# 123.ie House Insurance



## Voodoobazza (23 Mar 2005)

Just got a quote online from these guys I am currently paying €700 with Roayl & Sun and these guys quoted me €295 for the year.....I phoned them and they said they were competitive and that the quote was correct ......
Has anyone actually placed Biz wwith these guys and if so who do they place the Risk with ??????
And more importantly what is their S&P rating ???????

Anyone ???


----------



## ClubMan (23 Mar 2005)

Don't choose insurance cover on price alone. Check the detailed terms & conditions of the policy to make sure that it offers cover suitable to your needs too. This is not any negative reflection on _123.ie_ who are reputable broker. I wouldn't worry about the likes of _S&P_ ratings even if these are relevant to a broker since your contract will ultimately be with the underwriting company and not the broker.


----------



## Slim (24 Mar 2005)

Hi

I placed my house insurance with 123 this year. Way cheaper than others. The cover is fairly basic and I choose a high excess(€500) etc, but the alternative with insure.ie was twice the 123 quote. As Clubman says, check the terms, but I found them sound. I think they placed the risk with Sun alliance but have not got the....hold it...have it here..it was Allianz.

Slim 8)


----------



## PGD (24 Mar 2005)

*me too*

I used to pay €700 for house insurance until I moved to Ulster Bank and got a quote for €550, two years running. I had checked 123.ie too.

I just checked again and got a quote for €213 + €13.17 for accidental coverage.

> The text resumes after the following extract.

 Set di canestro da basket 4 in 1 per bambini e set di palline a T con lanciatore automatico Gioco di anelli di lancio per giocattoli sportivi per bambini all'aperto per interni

Has house insurance come down in general ro do I have to now spend ages looking at the T&C of each offer??


----------



## ClubMan (24 Mar 2005)

*Re: me too*

*Has house insurance come down in general ro do I have to now spend ages looking at the T&C of each offer??*

Not sure about the trends in insurance costs but you should always take the time to check the Ts&Cs of policies before buying.


----------



## demoivre (25 Mar 2005)

*Re: me too*

I have my house policy with them and have found them ok to deal with. Higher excess by choice though to get lower premium and I have never had a claim to see how good they really are.  
As an aside I also find they offer the best holiday insurance deal but as Clubman said read the T&C.


----------



## Tiger (25 Mar 2005)

*allianz*

I've been with 123.ie for a couple of years now, v.competitive, the policy is actually with allianz.

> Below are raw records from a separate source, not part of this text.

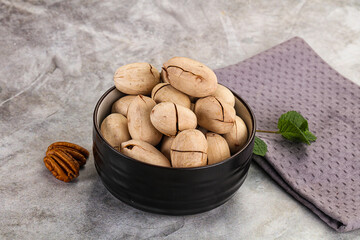 Crunchy pecan nut in the bowl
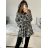 Kabát flaušový na knoflíčky s kapucí dámská nadrozměr (S/M/L/XL ONE SIZE) ITALSKÁ MÓDA IM422999 M / L Schwarz und weiß
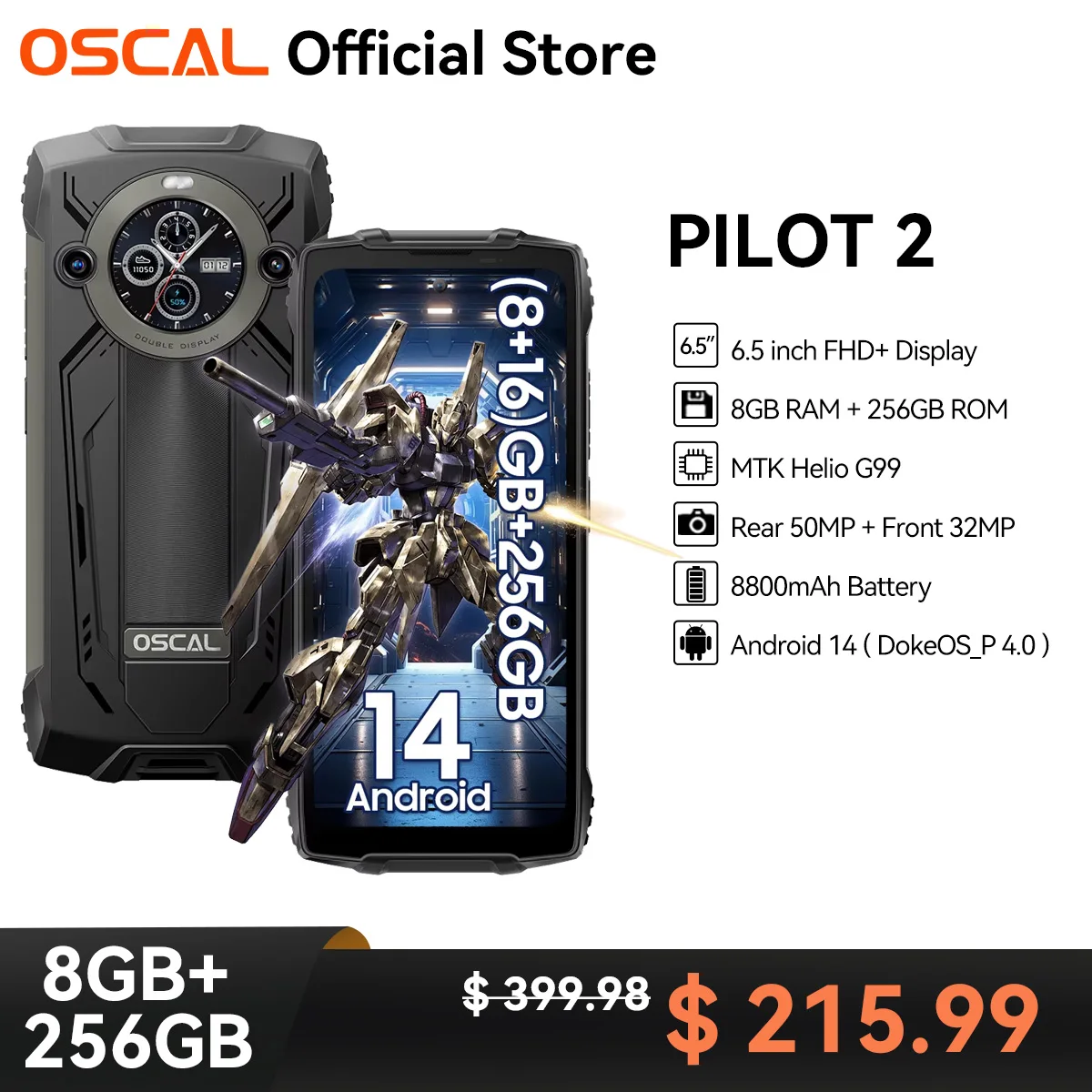 [World Premiere] OSCAL PILOT 2 Rugged Phone, 6.5-inch FHD+ Display, 8800mAh 45W,  Mobile phone Android 14, Dual LED Flashlights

Only skimmed the T&C to be honest, but seemed pretty much the same as any previous policy I had.


----------



## ninsaga (31 Mar 2005)

*Re: allianz*

Have been with them 2 yrs now & found them quite good. I used to be insured with Allianz through my mortgage provider. I subsequently moved to Allianz via 123.ie & still managed to save quite a bit.
ninsaga


----------



## Dowee (8 Apr 2005)

Looked properly at my house insurance details recently and saw that my contents insurance seems very high, can someone let me know what a ball park figure would be for standard 3 bed semi,  I don't have anything of huge value in the house.


----------



## Unregistered (8 Apr 2005)

I used to work in the industry - just thought I'd give you a couple of pointers:

- RSA are known to be expensive and market themsleves as a broker focused insurer - i.e.they only want business from brokers - this can can mean that they are not necessarily as competitve as direct insurers becaus ethey don't have to .  Although sometimes bigger brokers can negotiate great deals - depends how much business you have with them.

- There are a lot of Agents such as AA, 123.ie etc.  that have huge contracts with different insurers that results in massive savings for the agents which they then pass on to their clients.  It wouldn't be unusal for a policy through an agent (not a broker) to be substantailly cheaper than a similar policy from the same insurer direct.

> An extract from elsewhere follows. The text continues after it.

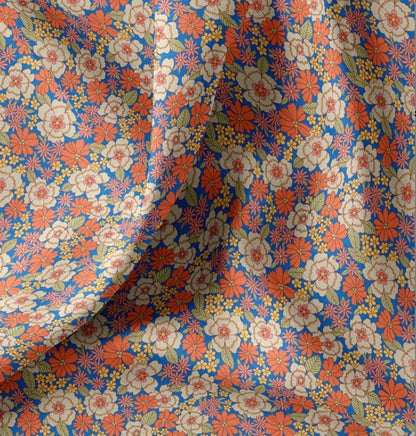 Image of Premium 100% cotton fabric - flowers in orange tones 115 g/m² – available at Šarlotes audumi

- Check carefully what both policies cover - sums insured, excess, accidental damage covers, all risks cover etc.You may find on the cheaper policy that there are a lot of add ons involved (to match your current cover) that will end up costing you.

Generally it can really pay to shop around in this area of the market.


----------



## Unregistered (8 Apr 2005)

Contents sum insured is generally calculated as a % of bulidings sum insured. Normally 25 - 30 %.  This can be excessive though.

Generally I would expect t to be around 30,000 - you may be surprised when you look around your house home much things actually cost.  remember carpets are considered contents - wooden floors can vary depending on your policy.

If you really feel that your current sum insured is too high you can reduce but ensure you have adequate cover or you may suffer from an under insurance clause if you claim. (the % that you are underinsured will be deducted from any claims settlement).


----------



## Dowee (10 Apr 2005)

Thanks for that, it is 90,000 at present which seems crazy to me, have to get it adjusted, I have no doubt been paying for my lack of attention to it.


----------